В мою тесную типовую квартиру хлынули явно нетипичные обитатели нашей необъятной Родины: тоскующие уголовники, чувствительные пограничники, мыслящие спортсмены, хамоватые космонавты. Все они изъяснялись на какой-то причудливой смеси арго и просторечья. К этому же говору прибегали и травестированные Высоцким и - в пику идеологии - горячо любимые мной с детства герои русских сказок и былин. Оставалось загадкой, с какой поэтической колокольни автор высмотрел этих диковинных субъектов. Населив свои песни чудесными персонажами сгинувшего Лукоморья: Змеем Горынычем, Чудом-Юдом, Бабой Ягой, лешими и вурдалаками, - Высоцкий как бы восстанавливал прерванную историческую память нации. Существовала очевидная связь между самостояньем королевского стрелка и упёртостью Нинкиного воздыхателя. Оба хотят собственным умишком, не считаясь с выгодой и логикой, решать, как им обустроить свою личную жизнь. Оба просят не лезть им в душу и плюют на доводы здравого смысла, противопоставляя им свой сиюминутный каприз:

Ну что ж такого, что наводчица, -

А мне ещё сильнее хочется!

Эти удивительные песни явно выпадали из контекста официальной мифотворческой культуры, давали иллюзию финала тысячелетнего ярма креста и молота, превратившего здоровое арийское племя в стадо государственных колодников, иллюзию возрождения спасительного стиля жизни Василия Буслаева и Садко. Вдруг почудилось, что предсказанному Достоевским "джентльмену с ретроградной физиономией" удалось-таки растолкать спящую царевну-Россию, убедить её разбить свой хрустальный склеп, выйти вон и снова зажить "по своей глупой воле"...

В коммунизме я всегда подозревал обезьяну христианства, её опрокинутую версию. Слишком уж явно проступала их родовая связь: то же мессианство, та же нетерпимость и навязывание своей воли, то же нигилистическое отрицание прошлого и настоящего во имя гадательного будущего. Только сектантско-катакомбному духу присуща эта претензия на истину в последней инстанции. Только на конспиративных явках могла родиться эта сатанинская система запретов и доносов, наказаний и покаяний, система окончательной отмены личности.

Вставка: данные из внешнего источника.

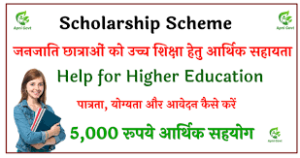 Economic Help To Tribal Girls For Higher Education (College Level)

И христианство, и коммунизм - это замаскированное пожизненное судилище над жизнью, гигантский капкан, угодив в который, человек остаётся лицом к лицу с круговой порукой шкурничества и страха, этими нехитрыми регуляторами социальной механики. Конечно, я имею в виду исключительно практику исторического христианства как института идеологической диктатуры, вне загадочной личности Христа с его "Не судите, да не судимы будете".

Отвергнутая на родине воинствующая идеология маленькой семитской секты одним махом уничтожила не только поэзию эллинского Неба, но не пощадила и гармонии Природы, выкурив оттуда её "несчастных жителей", связанных с человеком тысячами таинственных нитей. Накинув, во имя Единобожия, чёрную плащаницу небытия на Пана, эта мстительная доктрина низвела всё цветенье жизни к тоскливому прозябанию с вечной оглядкой на обстоятельства. Какая же, к чёрту, жизнь без пения сирен, козней Кащея и посвиста Соловья-Разбойника?! В лучшем случае - её имитация.